§ YOUR ASSIGNMENT: Transcribe the listing from its top line through the line with "Latin American Language". Keep it exact, both ends included, and add nothing.
....................
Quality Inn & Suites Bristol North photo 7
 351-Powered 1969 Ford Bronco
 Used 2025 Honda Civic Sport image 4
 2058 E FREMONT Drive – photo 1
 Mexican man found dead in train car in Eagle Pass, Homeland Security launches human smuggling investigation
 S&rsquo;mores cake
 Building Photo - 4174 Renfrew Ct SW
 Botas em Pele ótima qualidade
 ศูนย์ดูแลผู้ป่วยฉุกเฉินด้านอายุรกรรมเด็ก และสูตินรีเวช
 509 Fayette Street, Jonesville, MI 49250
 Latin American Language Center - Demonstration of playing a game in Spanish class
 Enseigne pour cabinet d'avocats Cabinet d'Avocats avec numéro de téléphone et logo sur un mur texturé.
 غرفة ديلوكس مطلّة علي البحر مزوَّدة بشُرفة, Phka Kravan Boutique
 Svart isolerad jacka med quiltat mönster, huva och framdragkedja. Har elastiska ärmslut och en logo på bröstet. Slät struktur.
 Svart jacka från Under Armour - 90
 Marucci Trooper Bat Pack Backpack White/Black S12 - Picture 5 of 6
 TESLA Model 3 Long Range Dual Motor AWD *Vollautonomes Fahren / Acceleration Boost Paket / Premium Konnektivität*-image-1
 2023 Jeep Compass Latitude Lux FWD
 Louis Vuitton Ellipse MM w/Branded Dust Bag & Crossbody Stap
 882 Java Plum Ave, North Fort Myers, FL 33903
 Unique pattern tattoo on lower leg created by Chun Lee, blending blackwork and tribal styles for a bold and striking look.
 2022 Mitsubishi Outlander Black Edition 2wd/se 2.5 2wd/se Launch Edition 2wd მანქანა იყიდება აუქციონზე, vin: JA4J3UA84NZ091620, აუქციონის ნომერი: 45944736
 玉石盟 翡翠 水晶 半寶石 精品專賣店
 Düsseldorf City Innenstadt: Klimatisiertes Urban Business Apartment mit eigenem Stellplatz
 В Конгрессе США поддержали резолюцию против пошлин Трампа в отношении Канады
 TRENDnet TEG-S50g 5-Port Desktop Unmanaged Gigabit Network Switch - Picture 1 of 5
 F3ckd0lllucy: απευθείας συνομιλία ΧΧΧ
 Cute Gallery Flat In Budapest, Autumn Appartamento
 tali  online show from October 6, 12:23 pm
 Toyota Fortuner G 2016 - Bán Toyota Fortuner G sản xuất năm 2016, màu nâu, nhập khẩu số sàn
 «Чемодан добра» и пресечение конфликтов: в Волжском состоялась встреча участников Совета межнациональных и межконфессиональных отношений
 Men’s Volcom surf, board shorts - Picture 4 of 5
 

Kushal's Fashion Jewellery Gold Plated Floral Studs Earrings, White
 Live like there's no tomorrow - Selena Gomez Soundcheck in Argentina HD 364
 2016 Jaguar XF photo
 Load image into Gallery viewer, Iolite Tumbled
....................
§ ANSWER SPACE:
Quality Inn & Suites Bristol North photo 7
 351-Powered 1969 Ford Bronco
 Used 2025 Honda Civic Sport image 4
 2058 E FREMONT Drive – photo 1
 Mexican man found dead in train car in Eagle Pass, Homeland Security launches human smuggling investigation
 S&rsquo;mores cake
 Building Photo - 4174 Renfrew Ct SW
 Botas em Pele ótima qualidade
 ศูนย์ดูแลผู้ป่วยฉุกเฉินด้านอายุรกรรมเด็ก และสูตินรีเวช
 509 Fayette Street, Jonesville, MI 49250
 Latin American Language Center - Demonstration of playing a game in Spanish class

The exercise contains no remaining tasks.